Major Criteria | Minor Criteria |
---|---|
Breast cancer Endometrial cancer Follicular thyroid cancer Multiple gastrointestinal hamartomas or ganglioneuromas Macrocephaly Mucocutaneous lesions Multiple trichilemmomas Multiple acral/palmoplantar keratosis, pits, papules Mucocutaneous neuromas Multifocal oral mucosal papillomatosis Multiple cutaneous facial papules (verrucous) | Autism spectrum disorder Colon cancer Esophageal glycogenic acanthoses Lipomas Intellectual disability Thyroid adenomas, goiter, nodules Papillary or follicular thyroid caner Renal cell carcinoma Single gastrointestinal hamartoma or ganglioneuroma Vascular anomalies |
The NCCN guidelines suggest that women with Cowden syndrome should focus on primary and secondary prevention options for breast cancer because, based on the available literature, breast cancer is the cancer most commonly associated with Cowden syndrome.16,22,23 Women with Cowden syndrome should begin regular monthly breast self-examinations at 18 years of age and have semiannual clinical breast examinations beginning at age 25 years. Women with Cowden syndrome should also have an annual mammogram and breast MRI with contrast screening starting at age 30 to 35 years.
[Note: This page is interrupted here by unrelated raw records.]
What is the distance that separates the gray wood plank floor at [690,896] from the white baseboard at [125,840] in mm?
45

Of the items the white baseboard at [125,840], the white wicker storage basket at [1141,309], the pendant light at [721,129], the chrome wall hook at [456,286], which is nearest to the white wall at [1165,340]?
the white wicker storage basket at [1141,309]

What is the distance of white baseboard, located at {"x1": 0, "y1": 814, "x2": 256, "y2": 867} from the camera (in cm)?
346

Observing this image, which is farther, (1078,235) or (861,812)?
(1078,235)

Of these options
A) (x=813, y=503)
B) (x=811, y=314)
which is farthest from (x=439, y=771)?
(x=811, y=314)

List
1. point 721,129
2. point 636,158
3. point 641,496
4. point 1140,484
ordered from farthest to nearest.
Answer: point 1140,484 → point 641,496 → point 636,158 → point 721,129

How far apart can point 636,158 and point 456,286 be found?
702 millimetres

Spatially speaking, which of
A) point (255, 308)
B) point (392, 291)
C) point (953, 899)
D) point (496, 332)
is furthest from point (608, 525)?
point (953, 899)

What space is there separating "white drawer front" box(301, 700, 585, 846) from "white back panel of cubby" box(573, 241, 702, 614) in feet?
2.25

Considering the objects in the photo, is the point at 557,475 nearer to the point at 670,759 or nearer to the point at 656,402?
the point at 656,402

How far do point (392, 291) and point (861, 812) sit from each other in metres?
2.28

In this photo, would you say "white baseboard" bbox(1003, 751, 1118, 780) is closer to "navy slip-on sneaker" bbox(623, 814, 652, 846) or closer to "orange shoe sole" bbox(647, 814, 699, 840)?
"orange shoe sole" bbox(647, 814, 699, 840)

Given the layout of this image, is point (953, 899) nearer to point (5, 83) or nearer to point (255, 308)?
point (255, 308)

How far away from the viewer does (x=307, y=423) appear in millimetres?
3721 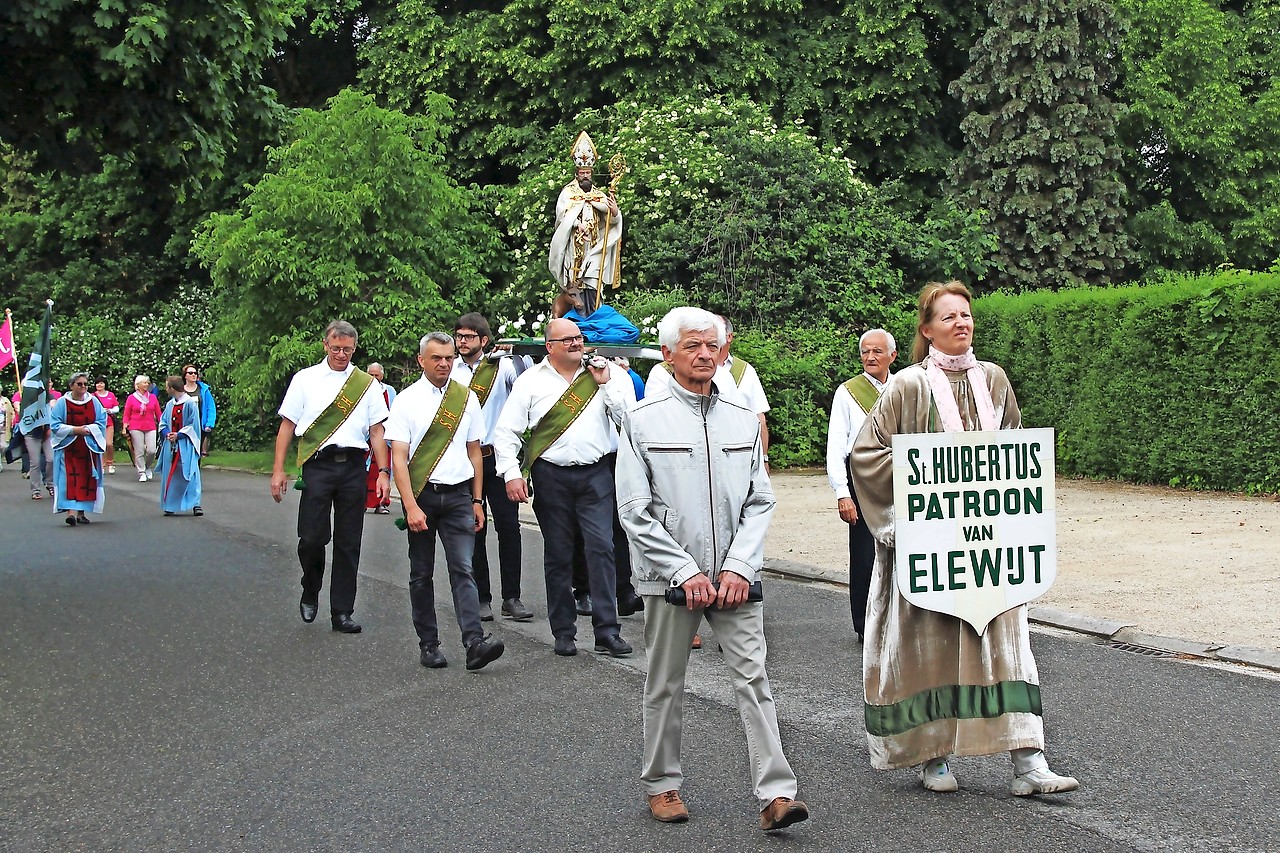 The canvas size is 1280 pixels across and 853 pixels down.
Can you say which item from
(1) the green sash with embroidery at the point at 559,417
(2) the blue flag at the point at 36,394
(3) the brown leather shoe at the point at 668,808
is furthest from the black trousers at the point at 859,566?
(2) the blue flag at the point at 36,394

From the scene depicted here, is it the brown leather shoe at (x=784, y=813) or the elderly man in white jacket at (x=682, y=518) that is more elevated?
the elderly man in white jacket at (x=682, y=518)

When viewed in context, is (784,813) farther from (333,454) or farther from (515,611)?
(333,454)

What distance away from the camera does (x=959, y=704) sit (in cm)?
518

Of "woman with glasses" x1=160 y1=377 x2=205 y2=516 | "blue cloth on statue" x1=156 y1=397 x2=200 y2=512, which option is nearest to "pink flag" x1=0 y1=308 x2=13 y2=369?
"woman with glasses" x1=160 y1=377 x2=205 y2=516

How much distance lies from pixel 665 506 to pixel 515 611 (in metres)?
4.73

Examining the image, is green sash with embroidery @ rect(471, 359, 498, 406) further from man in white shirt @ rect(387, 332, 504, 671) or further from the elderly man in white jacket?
the elderly man in white jacket

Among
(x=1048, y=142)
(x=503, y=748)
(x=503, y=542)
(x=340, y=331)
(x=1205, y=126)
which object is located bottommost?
(x=503, y=748)

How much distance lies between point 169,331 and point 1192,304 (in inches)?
1072

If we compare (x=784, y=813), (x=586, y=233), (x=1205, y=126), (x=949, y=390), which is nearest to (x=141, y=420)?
(x=586, y=233)

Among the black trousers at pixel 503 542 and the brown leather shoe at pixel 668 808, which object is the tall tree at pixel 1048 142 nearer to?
the black trousers at pixel 503 542

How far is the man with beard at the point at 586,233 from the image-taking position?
16.4 m

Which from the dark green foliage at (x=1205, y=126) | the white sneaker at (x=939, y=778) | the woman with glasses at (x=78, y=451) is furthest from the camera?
the dark green foliage at (x=1205, y=126)

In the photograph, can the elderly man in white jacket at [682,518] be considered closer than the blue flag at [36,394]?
Yes

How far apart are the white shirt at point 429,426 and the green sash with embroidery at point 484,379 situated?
1.25m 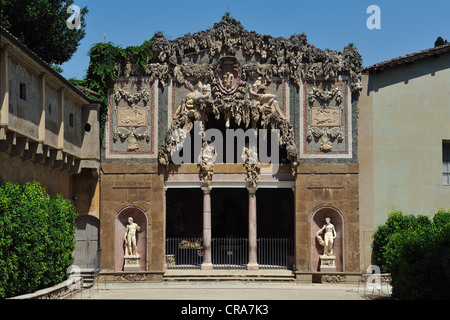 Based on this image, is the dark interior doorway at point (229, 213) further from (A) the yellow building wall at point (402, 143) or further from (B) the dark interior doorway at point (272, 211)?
(A) the yellow building wall at point (402, 143)

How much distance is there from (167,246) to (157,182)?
17.3ft

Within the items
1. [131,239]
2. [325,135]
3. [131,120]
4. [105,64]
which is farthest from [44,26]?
[325,135]

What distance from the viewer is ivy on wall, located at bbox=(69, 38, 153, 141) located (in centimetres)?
3497

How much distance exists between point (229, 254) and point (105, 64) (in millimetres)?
11053

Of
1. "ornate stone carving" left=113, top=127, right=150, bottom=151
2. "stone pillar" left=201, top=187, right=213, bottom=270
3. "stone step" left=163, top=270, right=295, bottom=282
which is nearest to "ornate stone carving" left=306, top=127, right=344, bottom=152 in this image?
"stone pillar" left=201, top=187, right=213, bottom=270

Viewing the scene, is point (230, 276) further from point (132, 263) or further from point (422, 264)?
point (422, 264)

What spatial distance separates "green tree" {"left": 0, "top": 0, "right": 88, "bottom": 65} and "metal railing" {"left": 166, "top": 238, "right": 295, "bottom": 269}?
12.0 m

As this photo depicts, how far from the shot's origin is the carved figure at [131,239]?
34.7 metres

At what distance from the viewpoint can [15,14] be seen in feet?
121

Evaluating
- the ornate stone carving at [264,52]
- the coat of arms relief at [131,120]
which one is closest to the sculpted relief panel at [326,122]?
the ornate stone carving at [264,52]

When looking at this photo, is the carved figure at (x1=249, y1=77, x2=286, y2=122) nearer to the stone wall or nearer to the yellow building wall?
the yellow building wall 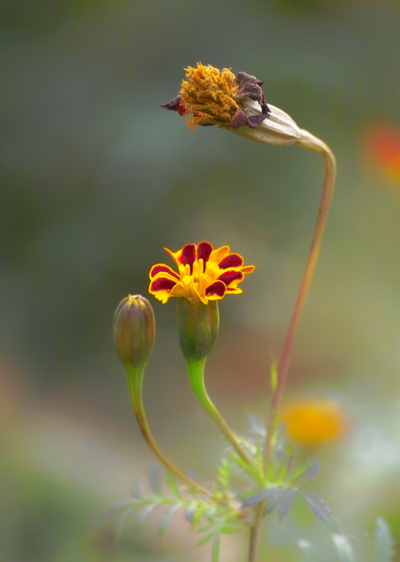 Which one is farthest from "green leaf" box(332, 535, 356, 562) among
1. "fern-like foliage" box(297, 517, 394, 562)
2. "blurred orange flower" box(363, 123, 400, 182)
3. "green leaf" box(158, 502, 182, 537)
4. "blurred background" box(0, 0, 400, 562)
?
"blurred orange flower" box(363, 123, 400, 182)

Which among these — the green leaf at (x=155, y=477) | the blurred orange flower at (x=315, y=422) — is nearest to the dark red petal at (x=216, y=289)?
the green leaf at (x=155, y=477)

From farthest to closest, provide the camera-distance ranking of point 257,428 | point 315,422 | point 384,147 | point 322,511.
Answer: point 384,147 → point 315,422 → point 257,428 → point 322,511

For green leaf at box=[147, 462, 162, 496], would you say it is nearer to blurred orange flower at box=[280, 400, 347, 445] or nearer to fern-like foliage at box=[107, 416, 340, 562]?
fern-like foliage at box=[107, 416, 340, 562]

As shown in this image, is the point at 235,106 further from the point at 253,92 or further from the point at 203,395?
the point at 203,395

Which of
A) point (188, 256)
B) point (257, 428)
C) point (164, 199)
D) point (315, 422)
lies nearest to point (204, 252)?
point (188, 256)

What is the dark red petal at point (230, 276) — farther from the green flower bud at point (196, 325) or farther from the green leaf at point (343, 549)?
the green leaf at point (343, 549) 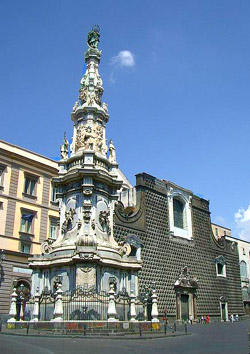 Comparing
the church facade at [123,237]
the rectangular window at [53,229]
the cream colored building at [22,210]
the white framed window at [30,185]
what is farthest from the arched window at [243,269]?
the white framed window at [30,185]

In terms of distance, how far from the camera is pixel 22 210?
35.6 m

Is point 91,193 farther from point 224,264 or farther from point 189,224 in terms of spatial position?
point 224,264

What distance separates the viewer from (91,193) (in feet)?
74.5

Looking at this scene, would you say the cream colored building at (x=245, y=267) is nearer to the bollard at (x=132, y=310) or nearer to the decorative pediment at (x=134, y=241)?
the decorative pediment at (x=134, y=241)

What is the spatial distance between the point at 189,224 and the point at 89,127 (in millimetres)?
26617

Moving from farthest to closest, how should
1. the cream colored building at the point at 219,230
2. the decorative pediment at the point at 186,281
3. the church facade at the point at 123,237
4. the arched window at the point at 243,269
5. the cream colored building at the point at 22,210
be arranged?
1. the cream colored building at the point at 219,230
2. the arched window at the point at 243,269
3. the decorative pediment at the point at 186,281
4. the cream colored building at the point at 22,210
5. the church facade at the point at 123,237

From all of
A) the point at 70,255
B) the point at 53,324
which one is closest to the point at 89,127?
the point at 70,255

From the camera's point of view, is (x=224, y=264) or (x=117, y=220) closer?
(x=117, y=220)

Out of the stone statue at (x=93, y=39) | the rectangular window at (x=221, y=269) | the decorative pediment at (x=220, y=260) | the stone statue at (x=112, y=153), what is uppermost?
the stone statue at (x=93, y=39)

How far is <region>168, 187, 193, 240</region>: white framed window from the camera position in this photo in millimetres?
45694

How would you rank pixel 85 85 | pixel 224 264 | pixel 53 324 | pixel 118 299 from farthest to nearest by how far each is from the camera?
pixel 224 264 < pixel 85 85 < pixel 118 299 < pixel 53 324

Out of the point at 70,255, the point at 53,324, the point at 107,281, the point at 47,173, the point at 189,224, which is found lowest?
the point at 53,324

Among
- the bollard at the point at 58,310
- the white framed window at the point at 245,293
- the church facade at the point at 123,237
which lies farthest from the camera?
the white framed window at the point at 245,293

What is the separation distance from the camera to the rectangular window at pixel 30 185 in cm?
3697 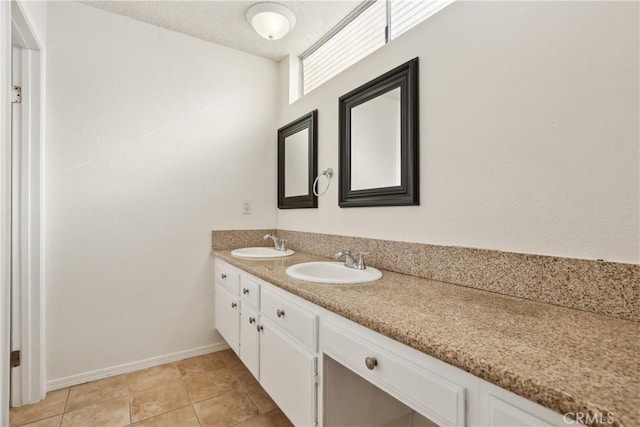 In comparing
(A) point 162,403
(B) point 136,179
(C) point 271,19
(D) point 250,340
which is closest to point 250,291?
(D) point 250,340

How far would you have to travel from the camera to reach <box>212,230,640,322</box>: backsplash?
2.75 feet

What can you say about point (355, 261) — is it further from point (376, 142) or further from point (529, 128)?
point (529, 128)

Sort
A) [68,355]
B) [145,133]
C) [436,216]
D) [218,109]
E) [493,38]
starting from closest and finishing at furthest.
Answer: [493,38] → [436,216] → [68,355] → [145,133] → [218,109]

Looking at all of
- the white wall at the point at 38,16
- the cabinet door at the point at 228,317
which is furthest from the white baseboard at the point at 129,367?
the white wall at the point at 38,16

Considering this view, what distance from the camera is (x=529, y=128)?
3.43 ft

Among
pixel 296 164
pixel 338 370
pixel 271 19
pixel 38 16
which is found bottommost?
pixel 338 370

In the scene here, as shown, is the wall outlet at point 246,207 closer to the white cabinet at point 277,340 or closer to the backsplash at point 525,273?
the white cabinet at point 277,340

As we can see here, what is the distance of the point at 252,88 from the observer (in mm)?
2545

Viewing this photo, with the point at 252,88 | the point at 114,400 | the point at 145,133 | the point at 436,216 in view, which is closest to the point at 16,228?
the point at 145,133

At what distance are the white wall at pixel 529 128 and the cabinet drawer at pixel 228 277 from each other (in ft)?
3.27

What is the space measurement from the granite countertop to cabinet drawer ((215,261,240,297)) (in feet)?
2.66

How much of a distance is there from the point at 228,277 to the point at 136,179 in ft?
3.01

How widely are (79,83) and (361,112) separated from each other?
1755mm

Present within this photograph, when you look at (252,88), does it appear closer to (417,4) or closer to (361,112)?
(361,112) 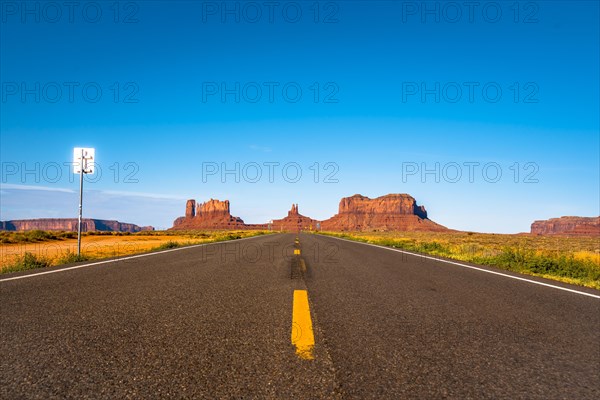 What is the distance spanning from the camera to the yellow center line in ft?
9.02

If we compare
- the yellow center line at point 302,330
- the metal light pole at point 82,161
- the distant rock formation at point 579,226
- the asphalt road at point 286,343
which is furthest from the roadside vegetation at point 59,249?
the distant rock formation at point 579,226

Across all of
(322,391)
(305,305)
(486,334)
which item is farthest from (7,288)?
(486,334)

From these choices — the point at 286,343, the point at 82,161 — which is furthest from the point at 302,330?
the point at 82,161

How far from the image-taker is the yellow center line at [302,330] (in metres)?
2.75

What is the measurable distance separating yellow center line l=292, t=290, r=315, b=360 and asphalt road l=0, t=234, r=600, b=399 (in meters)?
0.07

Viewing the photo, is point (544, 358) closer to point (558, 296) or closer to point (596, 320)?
point (596, 320)

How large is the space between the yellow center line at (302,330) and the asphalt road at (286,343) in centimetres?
7

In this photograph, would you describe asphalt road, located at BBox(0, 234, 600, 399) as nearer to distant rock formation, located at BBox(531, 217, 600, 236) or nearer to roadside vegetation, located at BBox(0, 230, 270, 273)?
roadside vegetation, located at BBox(0, 230, 270, 273)

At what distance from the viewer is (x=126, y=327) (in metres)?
3.36

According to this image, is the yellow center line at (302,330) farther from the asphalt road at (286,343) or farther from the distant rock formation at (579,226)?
the distant rock formation at (579,226)

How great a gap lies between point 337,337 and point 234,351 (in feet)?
2.89

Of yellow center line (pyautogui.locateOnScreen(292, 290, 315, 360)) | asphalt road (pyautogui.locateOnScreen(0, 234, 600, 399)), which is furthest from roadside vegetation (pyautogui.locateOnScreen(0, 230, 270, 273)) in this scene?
yellow center line (pyautogui.locateOnScreen(292, 290, 315, 360))

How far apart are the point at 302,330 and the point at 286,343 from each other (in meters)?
0.39

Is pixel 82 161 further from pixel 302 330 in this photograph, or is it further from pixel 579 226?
pixel 579 226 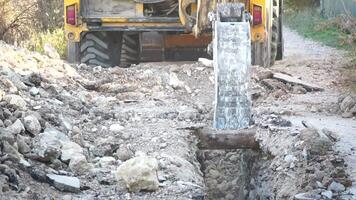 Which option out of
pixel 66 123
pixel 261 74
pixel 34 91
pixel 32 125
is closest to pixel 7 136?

Risk-reducing mastectomy can be considered. The NCCN guidelines state that endometrial cancer screening does not have a proven benefit in women with Cowden syndrome; however, screening with endometrial biopsy every 1 to 2 years may be considered.16 Although no data support risk reduction surgery in women with Cowden syndrome, the option of risk-reducing hysterectomy should be considered. Oophorectomy is not indicated for women with Cowden syndrome alone because Cowden syndrome is not associated with an increased risk of ovarian cancer; however, oophorectomy may be indicated for other reasons.
Peutz-Jeghers Syndrome
Peutz-Jeghers syndrome is characterized by gastrointestinal polyps; mucocutaneous pigmentation; and elevated risk for gastrointestinal, breast, and nonepithelial ovarian cancers. The syndrome is associated with mutations in the STK11/LKB1 gene. The breast cancer risk in women with Peutz-Jeghers syndrome is 8% at 40 years of age, 13% at 50 years, 31% at 60 years, and 45% at 70 years.27 Peutz-Jeghers syndrome is associated with an elevated risk of cervical cancer, most commonly adenoma malignum, with an estimated lifetime risk of 10% in addition to a lifetime risk of 21% for ovarian cancer, most commonly sex cord-stromal tumors.28 A clinical diagnosis of Peutz-Jeghers syndrome can be made when an individual meets 2 or more of the following criteria29: (1) 2 or more Peutz-Jeghers-type hamartomatous polyps of the small intestine; (2) mucocutaneous hyperpigmentation of the mouth, lips, nose, eyes, genitalia, or fingers; and (3) a family history of Peutz-Jeghers syndrome.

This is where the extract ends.